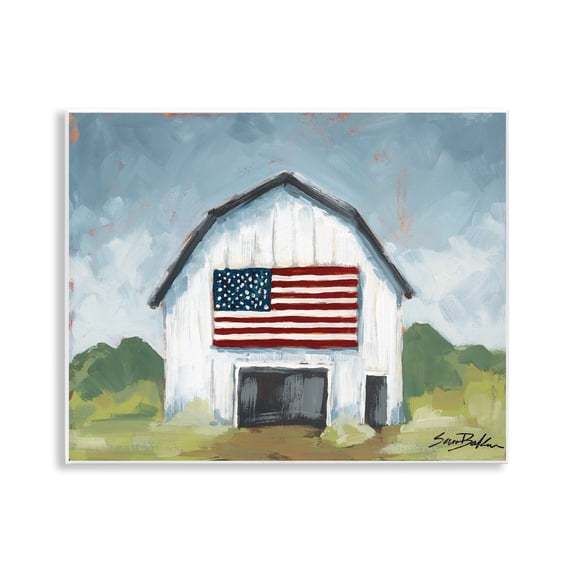 Stupell Industries Patriotic Country Barn Landscape & Nature Painting Unframed Art Print Wall Art, 14 x 11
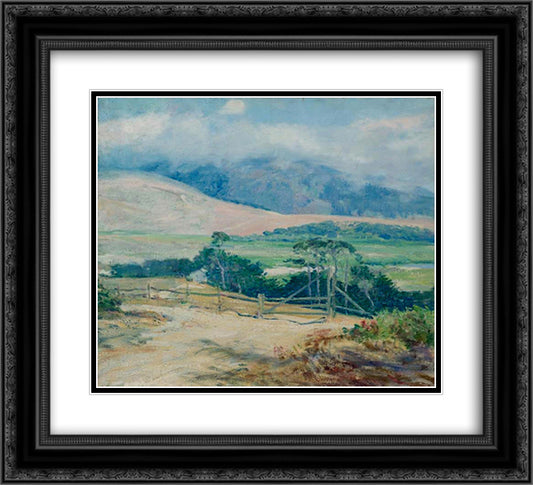 Carmel Hills 22x20 Black Ornate Wood Framed Art Print Poster with Double Matting by Rose, Guy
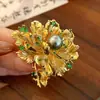 Acessórios DIY Elegante Guofeng Broche de Flor de Peônia Multicamadas Pin de Zircônia Banhado a Ouro Cobre Corsage de Pérola Suporte Vazio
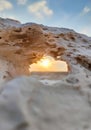 Amazing sunset at Nizzana Hillocks or Nitzana chalk hills. Negev desert in Israel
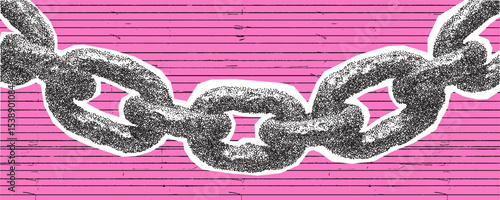 Exploring the symbolism of chains against a vibrant pink background in contemporary art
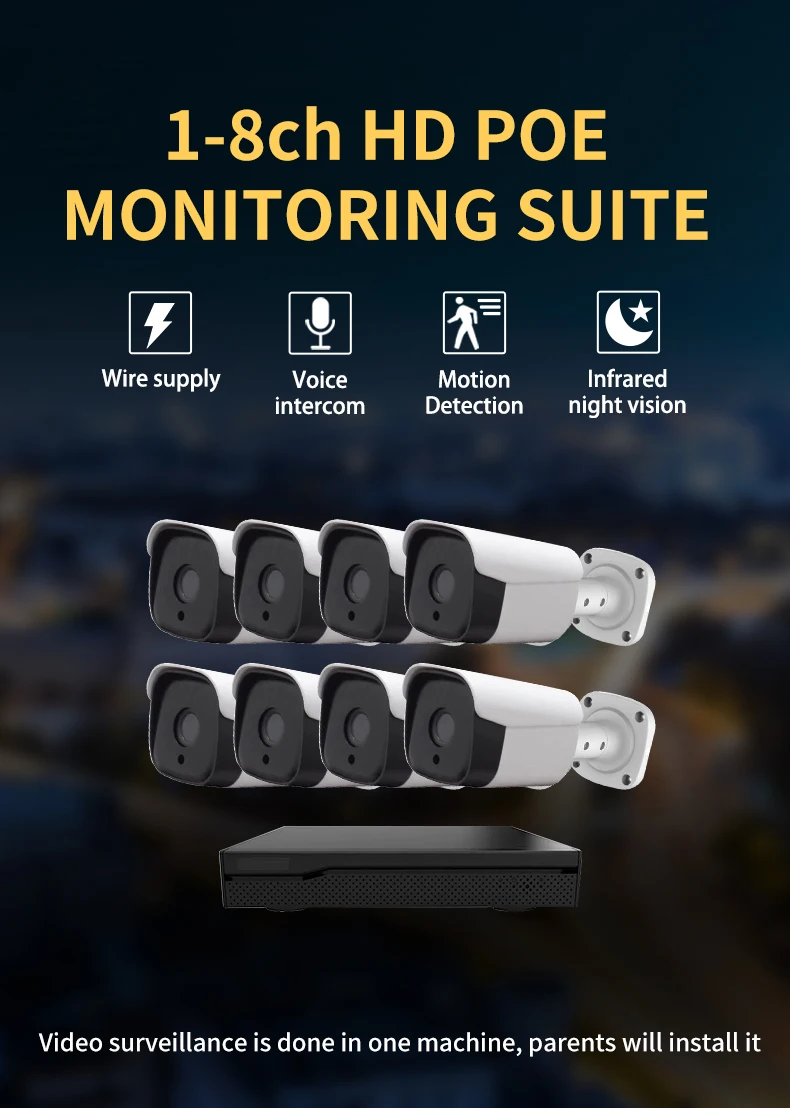 8 каналов Мп 360 HD домашний наружный сетевой видеорегистратор poe ip 4k система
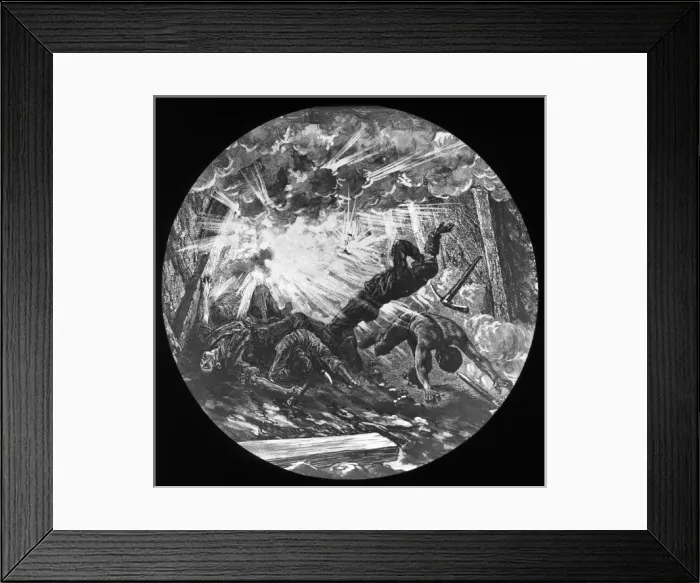 Framed Print : Artists impression of a colliery explosion Framed Print : Artists impression of a colliery explosion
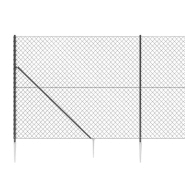 Vidaxl clôture à mailles losangées avec ancrage anthracite 2x25 m 153982_2
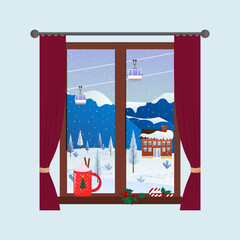 View from the window to the winter mountain landscape with snow, trees and ski lift. Hot drink in a cup, holly and candy cane decorations for Christmas. Winter festive atmosphere. Vector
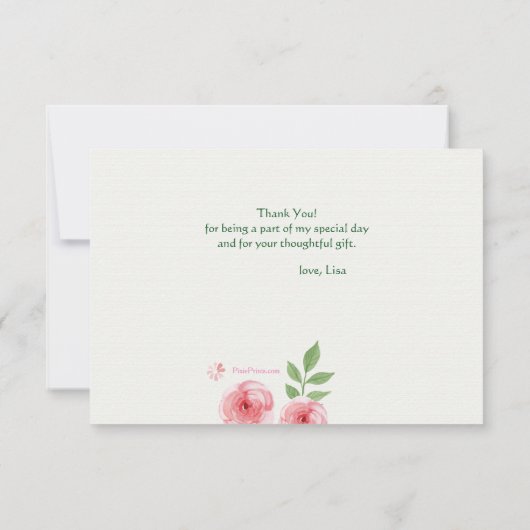 Roze Ranunculus Flowers Hartelijk dank Bedankkaart (Achterkant)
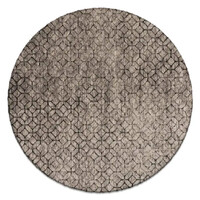 Floorpassion Noma 23 - Rond geometrisch vloerkleed in steengrijs met zwarte lijnen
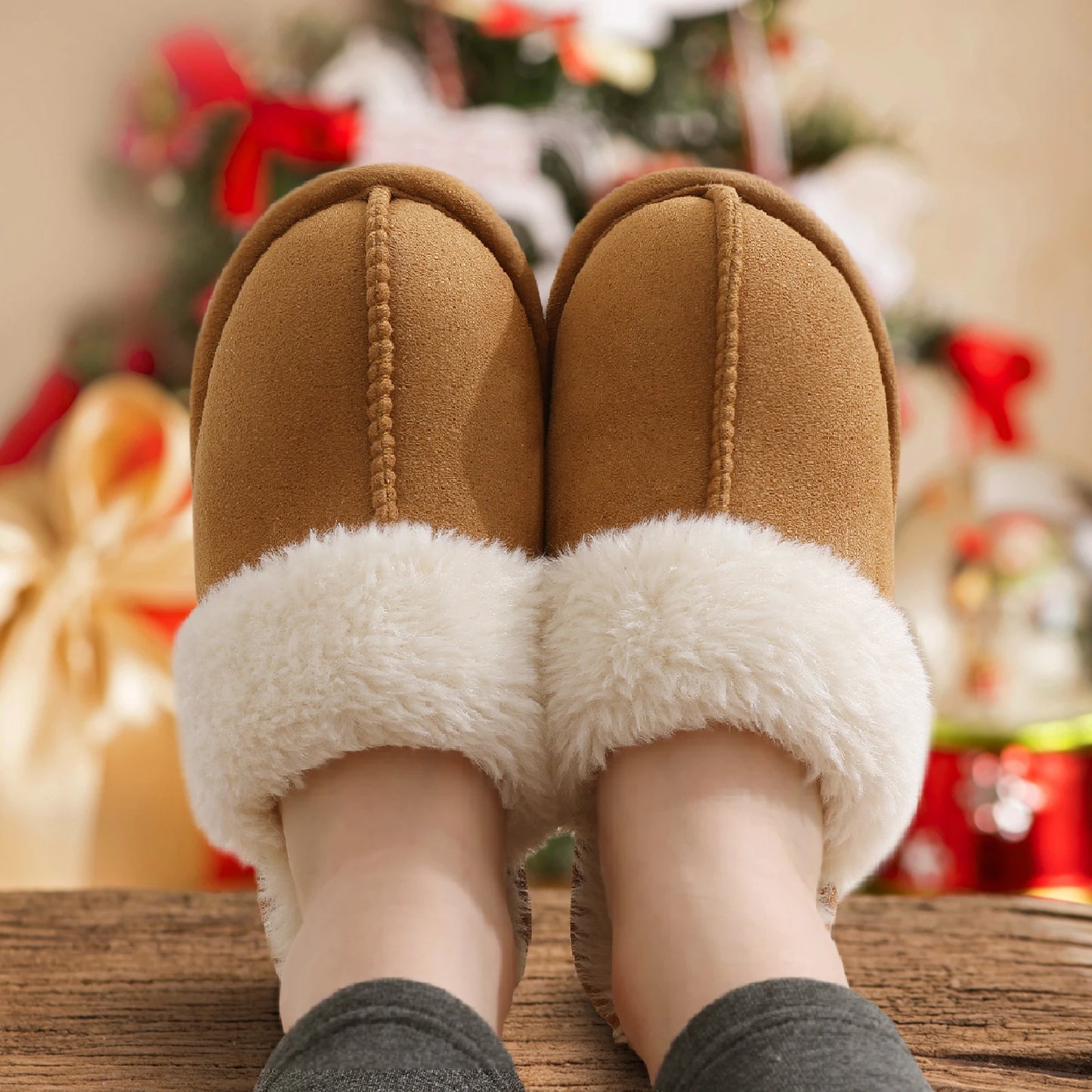 Fas Fur Slippers Women Fluffy Winter House Shoes Memory Foam Fuzzy Slippers Short Plush Slipper Indoor And Outdoor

==========

All of the entries must be reproduced exactly, apart from the pictures, which are to be dropped.

▸ Reply:
 Stupell Industries Patriotic Country Barn Landscape & Nature Painting Unframed Art Print Wall Art, 14 x 11
 Carmel Hills 22x20 Black Ornate Wood Framed Art Print Poster with Double Matting by Rose, Guy
 Acessórios DIY Elegante Guofeng Broche de Flor de Peônia Multicamadas Pin de Zircônia Banhado a Ouro Cobre Corsage de Pérola Suporte Vazio
 Amazing sunset at Nizzana Hillocks or Nitzana chalk hills. Negev desert in Israel
 Exploring the symbolism of chains against a vibrant pink background in contemporary art
 8 каналов Мп 360 HD домашний наружный сетевой видеорегистратор poe ip 4k система
 Framed Print : Artists impression of a colliery explosion Framed Print : Artists impression of a colliery explosion
 Vidaxl clôture à mailles losangées avec ancrage anthracite 2x25 m 153982_2
 View from the window to the winter mountain landscape with snow, trees and ski lift. Hot drink in a cup, holly and candy cane decorations for Christmas. Winter festive atmosphere. Vector
 Roze Ranunculus Flowers Hartelijk dank Bedankkaart (Achterkant)
 Floorpassion Noma 23 - Rond geometrisch vloerkleed in steengrijs met zwarte lijnen
 Fas Fur Slippers Women Fluffy Winter House Shoes Memory Foam Fuzzy Slippers Short Plush Slipper Indoor And Outdoor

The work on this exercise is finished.